Having a second residence or a vacation home is an achievement on many life goal lists, the memories made at the cabin, the lake, or the summer house are fabulous! Owning a second home can also provide value to you financially, knowing if a rental opportunity is possible using a property manager, Airbnb, or VRBO, while taking into account your personal vacation goals can add a bit more change in your pocket.
As an experience real estate professional, I've learned that a vacation rental is rarely a get-rich-quick scheme, the income will vary, though the long hold option may be the largest benefit.
I’d also suggest that finding a profitable vacation rental requires more research than any other type of investment property, area, seasonal changes, ability to check on the home during off peak times, and having a sense of security that if something were to happen to the property you would be in the know!
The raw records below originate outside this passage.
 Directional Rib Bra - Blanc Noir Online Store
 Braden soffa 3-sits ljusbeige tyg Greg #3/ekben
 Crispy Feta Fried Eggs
It’s a good idea to talk to a local real estate agent about property values and vacation rental levels of the area. You might also get some help online from Airdna (yes, Airdna!), which measures revenues and occupancy rates. You should also compare this information to how the property would fare if it was permanently rented so you can take this into consideration.
One survey by HomeAway suggests $30,000 a year might be a good income. Airbnb suggests $11,000 a year is the average for its subscribers, although many of those rent rooms in their primary residences. Here are a few issues to consider if you’re thinking of a new life outside the city or investing in a vacation rental:
Revenue can be seasonal – It’s a rare property whose income doesn’t ebb and flow with the seasons. And remember, you can attract higher rents in peak periods. The downside is, this might be when you wish to spend your time at the property.
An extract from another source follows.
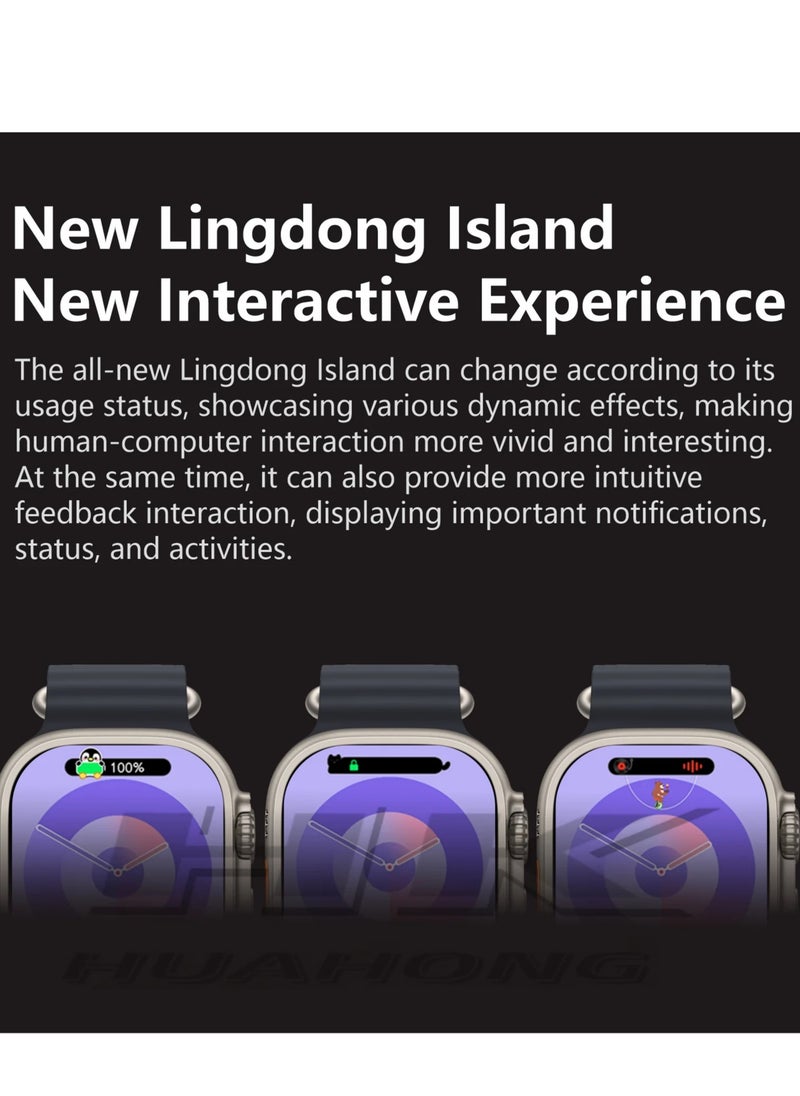 Wearfit Pro 2024 HK10 Ultra 3 Multifunctional  AMOLED Display Smart Watch  - Image 3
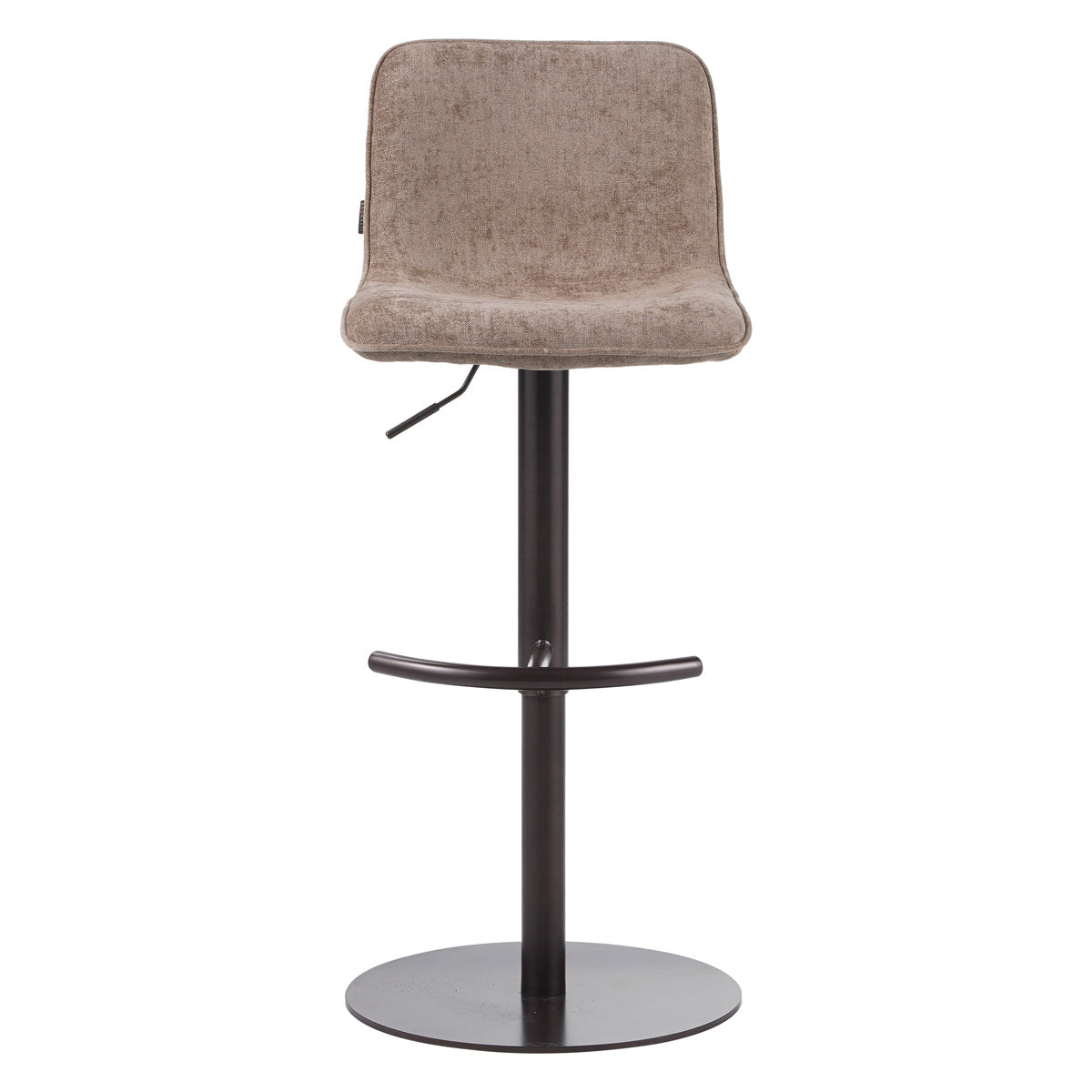 Velvet bar stool Jack taupe 60-82 cm, 45 cm wide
Location is critical – This will determine your income more than any other factor. Properties near the sea and snow will do very well compared with those in a town several miles from the coast or mountains. Try to find somewhere that’s a popular destination.
Calculate costs – Due diligence is critical to ensure the rental does not become a cash-flow headache. Be sure you can handle any mortgage costs, as well as insurance, taxes, maintenance, repairs, cleaning, and the fees taken by the rental company.
Don’t underestimate maintenance – You’ll find the property will stand empty for weeks at a time, and this can lead to problems going unattended, having someone that is can check in on your property is key!
Check tax benefits – Use a professional financial adviser to maximize any opportunity to gain tax advantages and write-offs from your rental.
Don’t be blindsided – If you spend a certain number of days in a vacation property or more than 10% of the days that it’s rented, you could lose all tax benefits. Talk to your professional financial adviser to get the latest tax rules.